The impression is very much that they have done this in response to public opinion, with many opinion polls showing a clear majority in favour of compulsory mask wearing. However, this isn’t borne out by people’s actual behaviour on the ground. From my observation, well below a quarter of supermarket customers are wearing masks. It seems that many people want the government to force them to do something they’re unwilling to do of their own volition. This is rather akin to those wealthy people who call for higher taxes, but never actually write out any cheques to HMRC themselves, which they’re perfectly entitled to do.
It’s important to note that the rules refer to “face coverings” rather than specifically to purpose-made masks, so it’s perfectly possible to use ones made from old scarves or T-shirts. How effective those will be is obviously highly questionable. No specification is given, so no objection could be raised to wearing the plague doctor costume shown above, or to flimsy items which were only intended as decorative costume adornments. On the other hand, the Welsh government has decided that all public transport passengers will be required to wear three-ply masks, which will need considerable skills in needlework if you want to make them yourself.
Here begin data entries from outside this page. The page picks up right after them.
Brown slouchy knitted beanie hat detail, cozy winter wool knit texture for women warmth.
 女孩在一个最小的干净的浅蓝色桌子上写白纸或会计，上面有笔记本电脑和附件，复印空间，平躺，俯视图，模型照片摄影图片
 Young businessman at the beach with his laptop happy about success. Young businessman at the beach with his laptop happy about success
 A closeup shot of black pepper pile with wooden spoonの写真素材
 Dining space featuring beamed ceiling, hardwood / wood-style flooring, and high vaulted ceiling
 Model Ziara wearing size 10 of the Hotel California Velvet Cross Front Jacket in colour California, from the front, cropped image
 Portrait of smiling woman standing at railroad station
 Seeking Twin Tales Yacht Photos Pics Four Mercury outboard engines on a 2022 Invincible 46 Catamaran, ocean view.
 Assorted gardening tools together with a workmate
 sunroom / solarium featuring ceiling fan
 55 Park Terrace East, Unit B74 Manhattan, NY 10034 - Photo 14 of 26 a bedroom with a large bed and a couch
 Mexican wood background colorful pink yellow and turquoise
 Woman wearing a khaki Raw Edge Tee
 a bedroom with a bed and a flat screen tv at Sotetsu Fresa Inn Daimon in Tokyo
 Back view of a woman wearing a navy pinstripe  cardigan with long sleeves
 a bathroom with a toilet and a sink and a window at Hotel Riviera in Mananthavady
The way masks are actually worn also leaves much to be desired. In theory, the disposable ones that seem to be most popular are only supposed to be worn once. Take it off, for whatever reason, and you really should put a fresh one on. But how often is that going to be adhered to, especially since many of the mask zealots in the media keep telling us how easy it is to slip them off and on again? And how often are the home-made ones going to be washed in practice? Once a week if you’re lucky. Plus, the actual disposal of all the disposable masks is going to create an enormous waste problem. It’s also noticeable that all of them seem to have been made in China!
Many people have genuine medical reasons for being exempt from wearing a face covering. For example, experts have warned that people with asthma should not wear masks. But it is likely that they will have to endure bullying and harassment, both from staff and other customers, if they turn up at a shop without one. And many deaf people depend on lip-reading to communicate with others, and are going to be made to feel even more isolated.
People may well grudgingly put up with wearing a mask when nipping round the supermarket for essentials. But it makes going out shopping a much less enjoyable experience, and will act as a serious deterrent to more extended expeditions for leisure shopping, especially for clothing. A month after “non-essential” shops were allowed to reopen, High Streets are still seeing greatly reduced trade, and making shoppers wear masks is likely to bring any hopes of revival to a juddering halt.
Fortunately, so far pubs and restaurants have been excluded from the requirement, but what’s to guarantee that this won’t change in the future? After all, it has already happened in some Continental countries. After only just having reopened, and still struggling with reduced capacity, that would to deal a fresh body blow to the pub trade. Going to the pub is supposed to be an enjoyable leisure experience, not something you’re expected to grimly endure. And the blow to town centre shopping will have a further knock-on effect on pubs.
Some have argued that compulsory mask-wearing will encourage retail activity by instilling a greater sense of confidence, but surely human nature suggests it will have precisely the opposite effect. Far from representing any kind of return to normality, it will be an indicator of an ongoing climate of fear and anxiety.
No specific end date has been set for the measure, or any set of criteria against it will be judged. Indeed, Health Secretary Matt Hancock has stated that it may have to continue until a vaccine has been found, which could be never. As the great Milton Friedman said, “nothing is so permanent as a temporary government program”. Remember that the afternoon closure of pubs, brought in as an emergency measure during the First World War, lasted over seventy years, and income tax, originally introduced to finance the Napoleonic Wars, is still with us.